Saya pun mencoba inbox dengan Reza, cukup lama tak dibalas. Namun akhirnya kami saling bertegur sapa. Dia memberitahukan kalau dia baru saja pulang dari Shanghai setelah menikmati festival salju di sana. Saat saya bertanya,
"Pernah berkunjung ke Macao?"
"O,,o pernah, memang nya kenapa? Sudah dua kali malah, cuma kali ini, nggak sempat lagi singgah, karena mau siapkan acara syukuran, padahal pingin banget untuk berkunjung lagi ke Macao, karena saya ada janji seorang gadis." Balas Reza.
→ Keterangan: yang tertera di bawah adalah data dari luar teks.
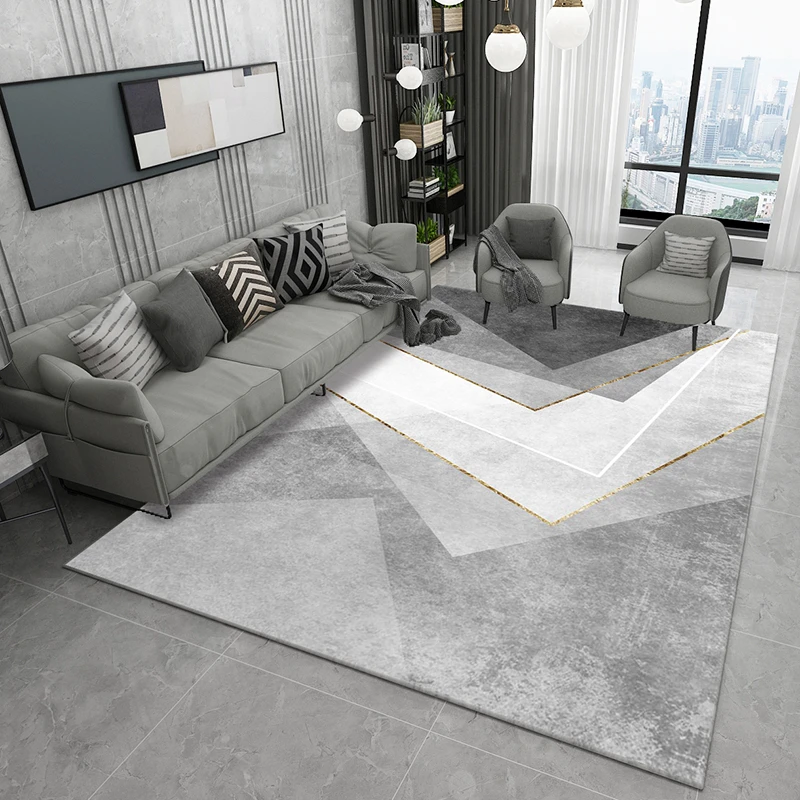 

Modern Minimalist Gray Carpet Geometry Study Room Checkroom Non-slip Carpets Large Area Mat Light Luxury Bedroom Entry Rug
"Wow that fantastic, aku pingin banget tahu tentang Macao, kapan nie bisa bertemu, please!" Pintaku.
 "Oo pas sekali, tanggal 17 desember ini acara syukuran-nya jangan lupa datang.
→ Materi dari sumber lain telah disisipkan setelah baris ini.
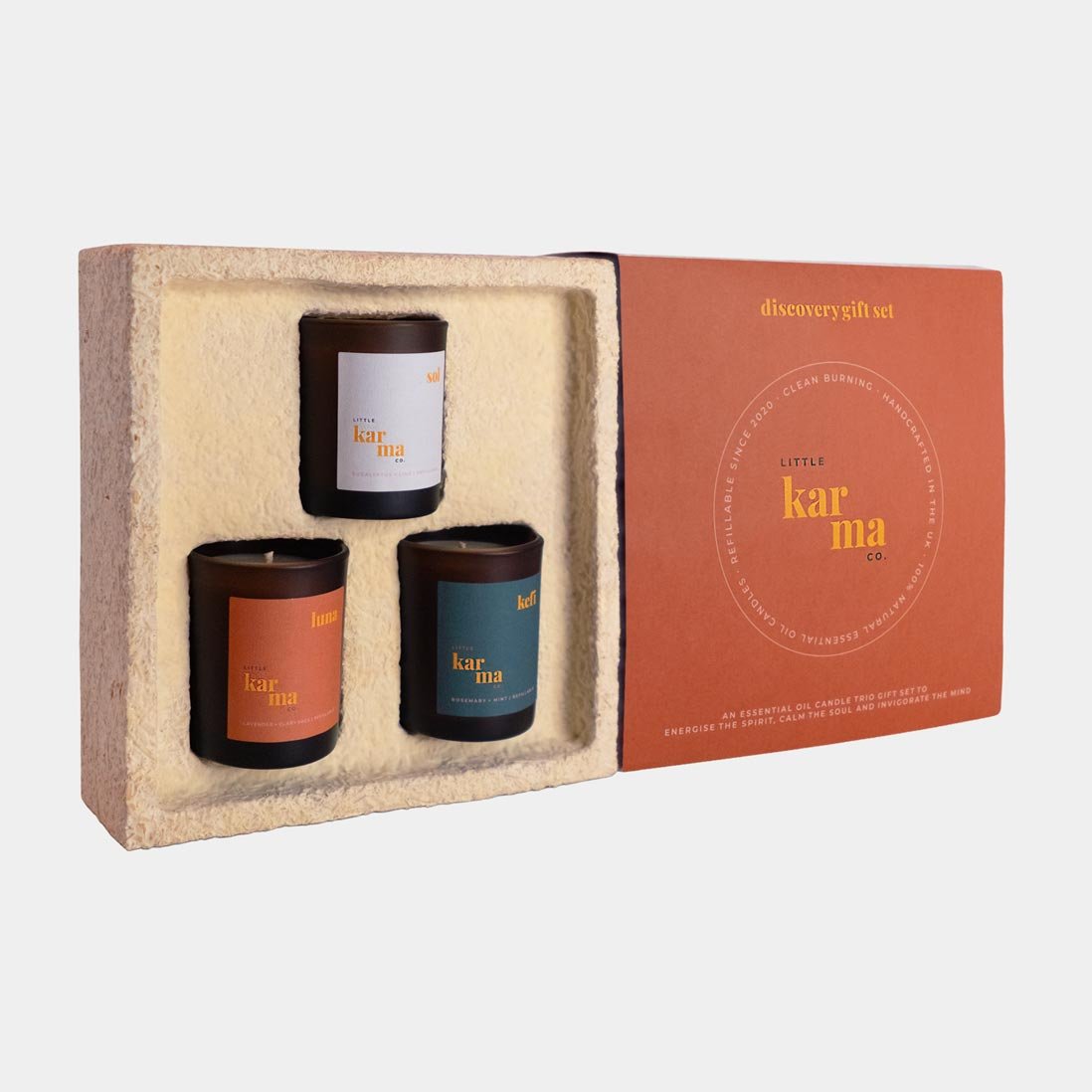 Discovery Set scented candle trio luxury gift set in new sustainable mycelium gift box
Akhirnya saya pun datang dalam acara syukuran toko barunya. Disitulah kami saling tatap muka, ngobrol, tukar pikiran dan saling cerita.
Reza tahu kalau aku Kompasianer, melalui beberapa tulisanku yang pernah ia baca saat saya share di FB. Ia sangat senang jika kisah dan pengalamannya dijadikan sebagai sebuah artikel olehku. Reza sendiri juga ingin menjadi Kompasianer, namun ia menyadari jika dirinya tidak pandai merangkai kata menjadi sebuah artikel. Ia hanya pandai dalam berbisnis. Saat saya tanya,
"Kenapa nggak belajar menulis?
"Saya nggak punya waktu lagi untuk menulis," jawabnya.
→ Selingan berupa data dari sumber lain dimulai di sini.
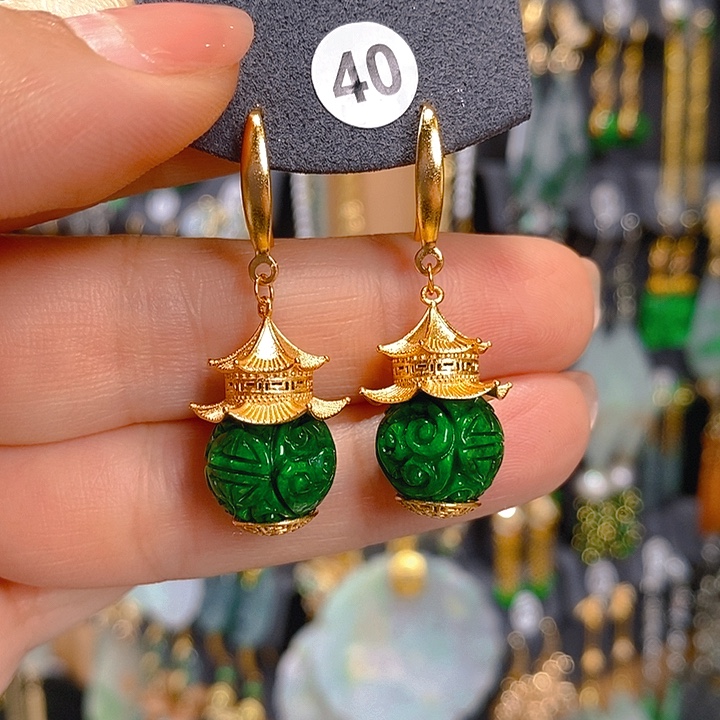 清****翡翠未镶嵌耳饰翡翠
"Tapi aku yakin suatu saat kau akan punya waktu untuk itu."
"Semoga saja.."
"Jadi gimana kisah dan perjalanannya di Macao?' Tanyaku kemudian.
***
Reza sudah dua kali ke Macao saat ada urusan bisnis bersama papanya di Shanghai. Mereka singgah dulu di Macao untuk beberapa malam atau sepekan, pas saat balik pulang ke Indonensia.
Menurut Reza, shopping adalah salah satu alasan penting kenapa banyak orang ingin berkunjung ke Macao. Namun ia tidak begitu tertarik untuk shooping di Macao, kalau tidak ada sesuatu yang menarik dan tak biasa.
Reza pun memejamkan mata untuk menguak kembali kenangannya di Macao.
"Macao Museum, The Venetian Macao, Nam Van Lake, Senado Square," kata Reza sambil tetap memejamkan matanya. Setelah membuka matanya ia bercerita panjang lebar tentang perjalanannya di Macao. Namun yang menarik bagiku adalah cerita kunjungannya yang kedua ketika Musim Gugur.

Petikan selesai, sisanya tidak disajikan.